_PROMPT_
Transcribe exactly the lines that fall between the one holding "Isa-villas With Air" and the one holding "Επίσκεψη-του-Α", inclusive, from the entries below.

_DATA TO USE_
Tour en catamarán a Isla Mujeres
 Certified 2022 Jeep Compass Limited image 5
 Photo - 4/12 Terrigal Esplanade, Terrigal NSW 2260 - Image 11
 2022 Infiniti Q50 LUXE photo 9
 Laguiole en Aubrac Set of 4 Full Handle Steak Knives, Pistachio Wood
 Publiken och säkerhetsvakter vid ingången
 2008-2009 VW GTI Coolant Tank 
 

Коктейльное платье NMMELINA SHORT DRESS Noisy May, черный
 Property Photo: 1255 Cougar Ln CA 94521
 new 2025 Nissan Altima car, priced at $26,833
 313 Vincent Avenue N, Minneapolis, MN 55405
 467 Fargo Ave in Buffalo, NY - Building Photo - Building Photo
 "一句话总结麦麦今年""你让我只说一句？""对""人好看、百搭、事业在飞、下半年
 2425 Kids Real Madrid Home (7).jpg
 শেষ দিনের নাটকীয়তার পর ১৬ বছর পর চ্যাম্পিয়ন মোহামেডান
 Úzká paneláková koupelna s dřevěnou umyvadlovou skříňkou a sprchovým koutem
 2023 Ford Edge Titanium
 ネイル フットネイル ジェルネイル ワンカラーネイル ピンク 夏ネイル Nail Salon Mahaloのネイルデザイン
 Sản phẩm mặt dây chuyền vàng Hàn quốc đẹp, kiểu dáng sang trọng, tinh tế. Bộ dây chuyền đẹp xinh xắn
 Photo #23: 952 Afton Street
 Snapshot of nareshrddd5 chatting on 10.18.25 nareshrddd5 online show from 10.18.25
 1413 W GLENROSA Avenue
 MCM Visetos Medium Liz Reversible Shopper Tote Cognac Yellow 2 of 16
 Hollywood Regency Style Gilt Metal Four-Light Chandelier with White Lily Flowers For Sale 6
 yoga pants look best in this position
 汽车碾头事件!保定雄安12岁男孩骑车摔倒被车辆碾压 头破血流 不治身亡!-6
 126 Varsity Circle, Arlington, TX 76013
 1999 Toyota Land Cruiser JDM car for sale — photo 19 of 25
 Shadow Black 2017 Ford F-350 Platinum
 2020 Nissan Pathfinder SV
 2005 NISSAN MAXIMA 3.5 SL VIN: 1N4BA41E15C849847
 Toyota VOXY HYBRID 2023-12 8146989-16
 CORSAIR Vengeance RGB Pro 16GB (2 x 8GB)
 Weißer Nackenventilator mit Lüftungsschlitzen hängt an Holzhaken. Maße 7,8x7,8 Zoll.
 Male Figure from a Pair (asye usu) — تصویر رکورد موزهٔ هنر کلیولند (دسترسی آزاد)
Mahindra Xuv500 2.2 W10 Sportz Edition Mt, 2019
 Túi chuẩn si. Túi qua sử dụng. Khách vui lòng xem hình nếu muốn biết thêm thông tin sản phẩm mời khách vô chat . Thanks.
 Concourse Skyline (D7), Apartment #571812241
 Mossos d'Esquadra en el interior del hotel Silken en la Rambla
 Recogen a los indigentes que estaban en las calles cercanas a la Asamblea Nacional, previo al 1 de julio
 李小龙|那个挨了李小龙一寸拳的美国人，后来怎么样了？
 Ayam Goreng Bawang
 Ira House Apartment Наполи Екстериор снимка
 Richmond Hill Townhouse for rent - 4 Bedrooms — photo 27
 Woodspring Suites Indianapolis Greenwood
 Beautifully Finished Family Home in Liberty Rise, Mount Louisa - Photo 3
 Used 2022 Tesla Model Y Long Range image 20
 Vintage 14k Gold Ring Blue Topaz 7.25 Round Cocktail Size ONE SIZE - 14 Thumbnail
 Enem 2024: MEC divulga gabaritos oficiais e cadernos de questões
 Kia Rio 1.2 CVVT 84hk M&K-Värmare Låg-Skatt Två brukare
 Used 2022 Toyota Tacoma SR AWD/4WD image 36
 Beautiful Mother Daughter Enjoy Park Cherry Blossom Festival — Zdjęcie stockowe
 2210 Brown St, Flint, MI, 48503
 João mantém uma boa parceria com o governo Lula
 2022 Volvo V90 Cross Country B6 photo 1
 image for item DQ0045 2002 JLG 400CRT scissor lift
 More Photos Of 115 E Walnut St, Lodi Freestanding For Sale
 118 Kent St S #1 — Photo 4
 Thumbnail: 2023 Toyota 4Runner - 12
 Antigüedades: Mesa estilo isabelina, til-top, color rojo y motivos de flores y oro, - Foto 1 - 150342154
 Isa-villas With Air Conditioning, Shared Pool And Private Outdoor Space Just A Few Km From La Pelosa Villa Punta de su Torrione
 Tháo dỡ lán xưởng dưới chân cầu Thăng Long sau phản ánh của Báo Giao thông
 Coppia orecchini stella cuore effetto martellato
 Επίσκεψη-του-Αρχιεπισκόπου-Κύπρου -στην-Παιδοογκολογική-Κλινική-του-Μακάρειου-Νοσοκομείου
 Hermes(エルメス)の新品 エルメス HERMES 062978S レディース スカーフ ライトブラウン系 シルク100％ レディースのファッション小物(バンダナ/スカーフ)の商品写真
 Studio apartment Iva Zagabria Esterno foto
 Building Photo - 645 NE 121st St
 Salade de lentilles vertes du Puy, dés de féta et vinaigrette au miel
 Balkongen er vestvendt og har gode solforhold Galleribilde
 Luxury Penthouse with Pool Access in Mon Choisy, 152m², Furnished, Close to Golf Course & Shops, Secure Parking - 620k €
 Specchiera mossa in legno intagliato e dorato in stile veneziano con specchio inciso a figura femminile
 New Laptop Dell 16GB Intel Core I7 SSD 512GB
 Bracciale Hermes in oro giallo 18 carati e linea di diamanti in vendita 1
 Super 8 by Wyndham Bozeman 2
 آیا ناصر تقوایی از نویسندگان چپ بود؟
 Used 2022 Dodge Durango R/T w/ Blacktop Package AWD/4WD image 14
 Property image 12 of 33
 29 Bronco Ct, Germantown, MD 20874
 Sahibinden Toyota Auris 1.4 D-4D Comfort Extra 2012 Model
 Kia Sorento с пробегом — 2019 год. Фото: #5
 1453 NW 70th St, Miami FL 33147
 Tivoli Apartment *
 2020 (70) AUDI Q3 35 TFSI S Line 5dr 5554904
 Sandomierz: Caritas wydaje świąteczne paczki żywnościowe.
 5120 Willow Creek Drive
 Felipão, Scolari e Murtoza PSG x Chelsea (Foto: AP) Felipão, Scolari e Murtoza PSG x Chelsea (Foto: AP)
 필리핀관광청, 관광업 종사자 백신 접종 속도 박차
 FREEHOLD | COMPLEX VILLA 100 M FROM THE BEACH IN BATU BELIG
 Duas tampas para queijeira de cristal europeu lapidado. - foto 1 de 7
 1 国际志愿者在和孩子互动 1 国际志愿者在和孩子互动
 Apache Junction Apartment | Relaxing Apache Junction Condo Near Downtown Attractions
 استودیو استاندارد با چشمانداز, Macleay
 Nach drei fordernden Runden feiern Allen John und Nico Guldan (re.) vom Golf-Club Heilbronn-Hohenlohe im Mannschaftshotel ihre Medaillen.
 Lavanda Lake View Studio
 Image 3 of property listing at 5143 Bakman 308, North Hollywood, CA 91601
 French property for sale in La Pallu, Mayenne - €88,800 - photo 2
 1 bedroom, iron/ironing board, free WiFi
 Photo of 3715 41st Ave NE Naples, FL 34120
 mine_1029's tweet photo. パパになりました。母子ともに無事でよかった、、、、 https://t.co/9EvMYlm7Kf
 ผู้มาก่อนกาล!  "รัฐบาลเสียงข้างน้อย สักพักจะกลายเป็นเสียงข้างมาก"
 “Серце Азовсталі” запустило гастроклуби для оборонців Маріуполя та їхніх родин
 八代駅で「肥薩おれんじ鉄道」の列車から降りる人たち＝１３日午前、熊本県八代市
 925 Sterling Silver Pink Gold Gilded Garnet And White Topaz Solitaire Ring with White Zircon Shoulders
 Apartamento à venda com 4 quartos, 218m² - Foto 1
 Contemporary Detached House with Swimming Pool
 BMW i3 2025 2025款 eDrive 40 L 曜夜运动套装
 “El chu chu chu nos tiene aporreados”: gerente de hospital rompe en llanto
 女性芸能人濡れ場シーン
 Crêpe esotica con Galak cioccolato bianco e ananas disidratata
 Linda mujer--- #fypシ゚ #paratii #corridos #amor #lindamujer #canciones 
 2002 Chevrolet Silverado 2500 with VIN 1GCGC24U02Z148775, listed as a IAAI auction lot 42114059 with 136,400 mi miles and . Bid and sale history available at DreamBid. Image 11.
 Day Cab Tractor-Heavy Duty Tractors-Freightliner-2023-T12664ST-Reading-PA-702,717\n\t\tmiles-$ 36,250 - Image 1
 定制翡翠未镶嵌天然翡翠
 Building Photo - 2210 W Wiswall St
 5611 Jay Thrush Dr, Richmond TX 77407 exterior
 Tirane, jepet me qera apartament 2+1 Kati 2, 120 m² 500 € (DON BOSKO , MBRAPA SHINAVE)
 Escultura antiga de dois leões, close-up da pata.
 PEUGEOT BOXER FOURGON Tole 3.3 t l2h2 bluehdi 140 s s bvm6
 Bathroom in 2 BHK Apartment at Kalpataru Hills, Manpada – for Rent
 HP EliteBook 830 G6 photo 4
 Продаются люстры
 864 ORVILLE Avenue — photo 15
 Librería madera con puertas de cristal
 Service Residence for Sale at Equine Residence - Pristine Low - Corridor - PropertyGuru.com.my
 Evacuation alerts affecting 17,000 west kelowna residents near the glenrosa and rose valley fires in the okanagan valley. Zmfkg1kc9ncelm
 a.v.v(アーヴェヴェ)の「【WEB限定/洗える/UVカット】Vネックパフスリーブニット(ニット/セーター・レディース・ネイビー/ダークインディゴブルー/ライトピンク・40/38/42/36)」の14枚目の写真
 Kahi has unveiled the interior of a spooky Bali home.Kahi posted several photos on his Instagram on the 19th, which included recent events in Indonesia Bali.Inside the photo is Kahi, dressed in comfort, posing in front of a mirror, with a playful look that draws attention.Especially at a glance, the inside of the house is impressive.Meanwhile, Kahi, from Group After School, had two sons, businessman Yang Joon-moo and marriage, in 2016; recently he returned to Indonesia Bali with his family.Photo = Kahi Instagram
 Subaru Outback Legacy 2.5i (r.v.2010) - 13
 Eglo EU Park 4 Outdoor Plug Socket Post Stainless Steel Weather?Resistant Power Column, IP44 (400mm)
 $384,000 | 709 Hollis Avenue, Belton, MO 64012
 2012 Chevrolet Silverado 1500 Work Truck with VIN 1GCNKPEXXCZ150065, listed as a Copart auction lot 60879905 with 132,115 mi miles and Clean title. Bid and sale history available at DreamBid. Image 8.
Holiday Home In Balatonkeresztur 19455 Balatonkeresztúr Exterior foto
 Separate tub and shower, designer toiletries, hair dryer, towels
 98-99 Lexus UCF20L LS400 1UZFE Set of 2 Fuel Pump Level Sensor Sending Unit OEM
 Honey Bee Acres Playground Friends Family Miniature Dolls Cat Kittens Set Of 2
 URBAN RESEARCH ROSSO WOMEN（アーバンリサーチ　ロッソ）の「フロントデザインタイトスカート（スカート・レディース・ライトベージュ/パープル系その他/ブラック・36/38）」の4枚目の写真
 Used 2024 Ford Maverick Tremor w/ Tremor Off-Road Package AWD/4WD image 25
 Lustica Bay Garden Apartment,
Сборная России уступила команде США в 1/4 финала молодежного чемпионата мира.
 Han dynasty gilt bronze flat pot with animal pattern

_SOLUTION TO THE PROBLEM_
 Isa-villas With Air Conditioning, Shared Pool And Private Outdoor Space Just A Few Km From La Pelosa Villa Punta de su Torrione
 Tháo dỡ lán xưởng dưới chân cầu Thăng Long sau phản ánh của Báo Giao thông
 Coppia orecchini stella cuore effetto martellato
 Επίσκεψη-του-Αρχιεπισκόπου-Κύπρου -στην-Παιδοογκολογική-Κλινική-του-Μακάρειου-Νοσοκομείου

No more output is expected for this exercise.